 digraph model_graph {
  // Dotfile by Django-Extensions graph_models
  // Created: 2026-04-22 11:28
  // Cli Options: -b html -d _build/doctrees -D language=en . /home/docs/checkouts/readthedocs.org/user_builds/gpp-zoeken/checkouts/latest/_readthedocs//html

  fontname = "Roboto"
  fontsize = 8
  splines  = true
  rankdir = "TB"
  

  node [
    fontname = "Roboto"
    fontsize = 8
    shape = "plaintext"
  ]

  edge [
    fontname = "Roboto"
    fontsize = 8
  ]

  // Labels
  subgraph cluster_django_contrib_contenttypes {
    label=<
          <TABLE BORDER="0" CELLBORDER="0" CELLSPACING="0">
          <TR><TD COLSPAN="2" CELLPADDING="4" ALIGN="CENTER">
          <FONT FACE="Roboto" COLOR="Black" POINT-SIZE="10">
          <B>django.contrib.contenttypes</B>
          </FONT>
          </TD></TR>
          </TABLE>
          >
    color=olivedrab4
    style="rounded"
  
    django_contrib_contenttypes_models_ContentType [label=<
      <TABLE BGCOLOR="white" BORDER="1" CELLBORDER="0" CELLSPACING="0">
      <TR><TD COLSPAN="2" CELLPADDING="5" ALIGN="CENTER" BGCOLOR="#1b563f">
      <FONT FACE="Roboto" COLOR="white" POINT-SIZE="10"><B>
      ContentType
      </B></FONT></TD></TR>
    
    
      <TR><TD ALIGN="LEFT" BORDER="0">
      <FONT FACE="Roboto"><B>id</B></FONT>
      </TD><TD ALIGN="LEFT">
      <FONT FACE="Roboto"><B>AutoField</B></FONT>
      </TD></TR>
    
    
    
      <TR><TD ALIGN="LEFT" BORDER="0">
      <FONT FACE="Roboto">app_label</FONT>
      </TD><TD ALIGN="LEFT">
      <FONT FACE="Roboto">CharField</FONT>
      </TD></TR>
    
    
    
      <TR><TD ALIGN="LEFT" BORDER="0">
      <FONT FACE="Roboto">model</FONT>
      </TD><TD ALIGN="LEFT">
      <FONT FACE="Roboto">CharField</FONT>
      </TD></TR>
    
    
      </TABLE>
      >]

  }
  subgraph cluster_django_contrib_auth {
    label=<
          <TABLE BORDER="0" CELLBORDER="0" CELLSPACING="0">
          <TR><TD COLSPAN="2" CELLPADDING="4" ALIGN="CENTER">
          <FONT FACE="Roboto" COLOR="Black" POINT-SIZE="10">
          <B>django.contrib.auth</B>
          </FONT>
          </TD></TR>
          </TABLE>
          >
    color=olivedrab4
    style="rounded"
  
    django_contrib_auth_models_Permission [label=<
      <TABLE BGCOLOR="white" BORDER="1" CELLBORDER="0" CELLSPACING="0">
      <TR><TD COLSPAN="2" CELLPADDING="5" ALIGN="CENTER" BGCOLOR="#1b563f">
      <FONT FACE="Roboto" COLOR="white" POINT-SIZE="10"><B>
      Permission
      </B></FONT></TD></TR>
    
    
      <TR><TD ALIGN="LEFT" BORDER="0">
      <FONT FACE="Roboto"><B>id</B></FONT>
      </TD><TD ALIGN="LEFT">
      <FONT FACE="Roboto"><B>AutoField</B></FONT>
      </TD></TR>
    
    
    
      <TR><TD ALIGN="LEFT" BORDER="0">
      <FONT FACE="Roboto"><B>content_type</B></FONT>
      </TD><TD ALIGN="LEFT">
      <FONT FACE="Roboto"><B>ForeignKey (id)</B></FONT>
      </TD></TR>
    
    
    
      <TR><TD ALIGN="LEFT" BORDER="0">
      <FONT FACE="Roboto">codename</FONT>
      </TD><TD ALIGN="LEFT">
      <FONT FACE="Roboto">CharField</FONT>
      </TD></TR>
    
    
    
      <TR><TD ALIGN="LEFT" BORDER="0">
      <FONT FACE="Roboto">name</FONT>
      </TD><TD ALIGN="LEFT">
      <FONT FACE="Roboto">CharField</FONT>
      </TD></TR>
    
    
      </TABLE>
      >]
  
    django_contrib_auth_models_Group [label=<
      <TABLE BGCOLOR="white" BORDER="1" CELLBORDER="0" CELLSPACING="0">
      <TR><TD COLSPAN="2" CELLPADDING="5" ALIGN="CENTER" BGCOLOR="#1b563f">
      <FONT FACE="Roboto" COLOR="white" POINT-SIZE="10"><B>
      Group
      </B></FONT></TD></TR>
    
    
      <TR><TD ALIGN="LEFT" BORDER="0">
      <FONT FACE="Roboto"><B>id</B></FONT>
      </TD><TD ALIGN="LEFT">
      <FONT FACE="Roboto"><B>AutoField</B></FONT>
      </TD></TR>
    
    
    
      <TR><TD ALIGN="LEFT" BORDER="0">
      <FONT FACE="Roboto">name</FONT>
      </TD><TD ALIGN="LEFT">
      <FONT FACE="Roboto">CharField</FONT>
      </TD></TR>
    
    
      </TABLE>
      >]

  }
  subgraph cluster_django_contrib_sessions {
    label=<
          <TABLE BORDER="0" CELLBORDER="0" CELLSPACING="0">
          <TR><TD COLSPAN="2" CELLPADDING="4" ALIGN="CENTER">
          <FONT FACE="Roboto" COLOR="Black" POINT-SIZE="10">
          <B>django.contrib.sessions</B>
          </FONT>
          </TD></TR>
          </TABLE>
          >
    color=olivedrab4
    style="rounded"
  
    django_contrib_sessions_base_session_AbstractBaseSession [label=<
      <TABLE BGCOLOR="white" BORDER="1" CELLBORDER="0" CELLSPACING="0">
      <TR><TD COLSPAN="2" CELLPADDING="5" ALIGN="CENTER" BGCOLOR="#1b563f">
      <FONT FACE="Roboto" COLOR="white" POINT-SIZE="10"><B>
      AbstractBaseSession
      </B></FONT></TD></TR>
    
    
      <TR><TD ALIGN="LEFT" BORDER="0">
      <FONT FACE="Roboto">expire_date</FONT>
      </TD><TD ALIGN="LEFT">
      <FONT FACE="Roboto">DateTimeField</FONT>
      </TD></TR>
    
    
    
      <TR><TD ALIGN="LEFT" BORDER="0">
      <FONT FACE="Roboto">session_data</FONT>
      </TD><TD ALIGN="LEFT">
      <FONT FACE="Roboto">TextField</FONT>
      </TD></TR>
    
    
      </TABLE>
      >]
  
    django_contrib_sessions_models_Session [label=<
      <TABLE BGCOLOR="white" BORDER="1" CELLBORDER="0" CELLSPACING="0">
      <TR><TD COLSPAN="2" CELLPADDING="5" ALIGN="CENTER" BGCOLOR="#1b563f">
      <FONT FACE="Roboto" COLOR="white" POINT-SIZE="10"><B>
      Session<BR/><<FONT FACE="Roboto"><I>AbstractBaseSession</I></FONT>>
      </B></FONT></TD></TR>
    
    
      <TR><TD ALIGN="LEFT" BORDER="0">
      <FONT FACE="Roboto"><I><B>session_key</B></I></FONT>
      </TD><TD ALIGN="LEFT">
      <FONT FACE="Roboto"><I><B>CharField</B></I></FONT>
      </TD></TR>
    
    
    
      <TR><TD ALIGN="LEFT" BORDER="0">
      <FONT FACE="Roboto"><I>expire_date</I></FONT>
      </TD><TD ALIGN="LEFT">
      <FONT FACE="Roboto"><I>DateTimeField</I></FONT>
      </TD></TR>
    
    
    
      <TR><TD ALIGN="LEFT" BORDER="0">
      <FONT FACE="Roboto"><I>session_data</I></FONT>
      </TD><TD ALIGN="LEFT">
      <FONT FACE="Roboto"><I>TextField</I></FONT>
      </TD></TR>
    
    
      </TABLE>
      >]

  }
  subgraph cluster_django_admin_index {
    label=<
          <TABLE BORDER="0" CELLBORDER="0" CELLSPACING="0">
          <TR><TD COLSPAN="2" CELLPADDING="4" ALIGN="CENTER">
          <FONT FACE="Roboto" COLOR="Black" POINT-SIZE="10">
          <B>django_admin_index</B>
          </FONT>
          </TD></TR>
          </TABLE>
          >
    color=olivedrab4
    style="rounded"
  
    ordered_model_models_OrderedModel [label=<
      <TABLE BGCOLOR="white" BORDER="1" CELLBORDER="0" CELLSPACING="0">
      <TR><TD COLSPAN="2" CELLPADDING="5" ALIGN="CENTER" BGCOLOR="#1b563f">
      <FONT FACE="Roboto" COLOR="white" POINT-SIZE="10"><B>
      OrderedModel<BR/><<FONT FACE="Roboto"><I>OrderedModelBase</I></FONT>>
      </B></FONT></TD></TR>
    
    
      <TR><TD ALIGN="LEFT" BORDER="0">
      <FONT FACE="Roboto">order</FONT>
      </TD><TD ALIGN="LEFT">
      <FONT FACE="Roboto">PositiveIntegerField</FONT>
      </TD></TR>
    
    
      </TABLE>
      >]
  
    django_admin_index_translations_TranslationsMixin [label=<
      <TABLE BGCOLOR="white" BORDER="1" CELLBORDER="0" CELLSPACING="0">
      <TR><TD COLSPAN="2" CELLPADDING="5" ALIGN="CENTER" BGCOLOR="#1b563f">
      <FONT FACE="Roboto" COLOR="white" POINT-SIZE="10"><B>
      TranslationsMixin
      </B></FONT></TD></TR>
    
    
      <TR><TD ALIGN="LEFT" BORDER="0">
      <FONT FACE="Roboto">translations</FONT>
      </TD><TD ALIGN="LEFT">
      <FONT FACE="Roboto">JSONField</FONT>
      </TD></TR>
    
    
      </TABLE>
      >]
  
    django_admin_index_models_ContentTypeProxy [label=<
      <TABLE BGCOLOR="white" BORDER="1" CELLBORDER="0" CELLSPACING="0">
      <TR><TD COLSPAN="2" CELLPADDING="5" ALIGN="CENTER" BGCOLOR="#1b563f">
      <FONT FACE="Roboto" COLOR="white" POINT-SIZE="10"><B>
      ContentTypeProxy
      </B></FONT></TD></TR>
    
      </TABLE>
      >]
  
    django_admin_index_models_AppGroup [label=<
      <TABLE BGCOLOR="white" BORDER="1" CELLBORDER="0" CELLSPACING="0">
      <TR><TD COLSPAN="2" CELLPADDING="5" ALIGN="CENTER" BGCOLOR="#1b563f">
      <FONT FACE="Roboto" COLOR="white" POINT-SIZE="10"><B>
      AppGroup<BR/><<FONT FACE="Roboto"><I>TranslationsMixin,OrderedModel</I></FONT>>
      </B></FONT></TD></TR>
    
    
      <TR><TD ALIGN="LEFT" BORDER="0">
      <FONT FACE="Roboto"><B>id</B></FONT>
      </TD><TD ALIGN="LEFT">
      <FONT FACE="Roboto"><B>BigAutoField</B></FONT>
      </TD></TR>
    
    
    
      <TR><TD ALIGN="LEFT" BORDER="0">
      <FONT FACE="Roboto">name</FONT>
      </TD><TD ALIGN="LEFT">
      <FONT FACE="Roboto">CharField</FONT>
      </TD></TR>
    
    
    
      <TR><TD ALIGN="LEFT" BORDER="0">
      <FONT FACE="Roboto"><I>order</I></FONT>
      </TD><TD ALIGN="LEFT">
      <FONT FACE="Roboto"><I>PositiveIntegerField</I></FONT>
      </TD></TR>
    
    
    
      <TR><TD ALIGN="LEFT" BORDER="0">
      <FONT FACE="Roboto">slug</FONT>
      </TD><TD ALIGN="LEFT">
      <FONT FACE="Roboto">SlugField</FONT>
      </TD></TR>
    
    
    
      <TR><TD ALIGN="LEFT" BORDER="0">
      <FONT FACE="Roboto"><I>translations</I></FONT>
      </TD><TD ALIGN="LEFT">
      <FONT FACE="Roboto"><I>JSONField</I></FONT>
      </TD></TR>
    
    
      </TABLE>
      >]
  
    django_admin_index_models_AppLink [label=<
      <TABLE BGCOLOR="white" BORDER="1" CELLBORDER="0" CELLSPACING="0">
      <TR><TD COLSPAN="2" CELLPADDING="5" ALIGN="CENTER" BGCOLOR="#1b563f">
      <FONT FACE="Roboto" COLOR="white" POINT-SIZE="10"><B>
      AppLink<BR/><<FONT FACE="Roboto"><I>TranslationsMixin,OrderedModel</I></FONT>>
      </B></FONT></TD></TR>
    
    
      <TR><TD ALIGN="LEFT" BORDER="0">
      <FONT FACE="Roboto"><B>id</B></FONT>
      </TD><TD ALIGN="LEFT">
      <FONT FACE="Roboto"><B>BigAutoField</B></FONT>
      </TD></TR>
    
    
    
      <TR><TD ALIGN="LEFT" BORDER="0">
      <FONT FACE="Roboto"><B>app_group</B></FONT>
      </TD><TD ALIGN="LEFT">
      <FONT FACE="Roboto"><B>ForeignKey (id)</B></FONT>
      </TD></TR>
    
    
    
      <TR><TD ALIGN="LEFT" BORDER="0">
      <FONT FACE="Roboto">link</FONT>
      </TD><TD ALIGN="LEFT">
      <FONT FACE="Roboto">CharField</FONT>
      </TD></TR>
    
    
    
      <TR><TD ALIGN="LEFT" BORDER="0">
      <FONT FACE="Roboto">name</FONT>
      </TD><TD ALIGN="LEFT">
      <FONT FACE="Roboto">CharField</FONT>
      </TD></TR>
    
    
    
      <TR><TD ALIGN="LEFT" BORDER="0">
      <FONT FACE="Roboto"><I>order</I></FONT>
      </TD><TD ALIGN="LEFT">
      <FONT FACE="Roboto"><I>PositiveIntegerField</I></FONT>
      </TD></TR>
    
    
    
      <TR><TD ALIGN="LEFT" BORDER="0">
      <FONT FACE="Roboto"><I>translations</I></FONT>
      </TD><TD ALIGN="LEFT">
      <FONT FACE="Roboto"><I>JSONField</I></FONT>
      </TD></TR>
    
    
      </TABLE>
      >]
____
### YOUR TASK
Whenever a line in the listing above includes the word "DateTimeField", return that line.

### TASK SOLUTION
      <FONT FACE="Roboto">DateTimeField</FONT>
      <FONT FACE="Roboto"><I>DateTimeField</I></FONT>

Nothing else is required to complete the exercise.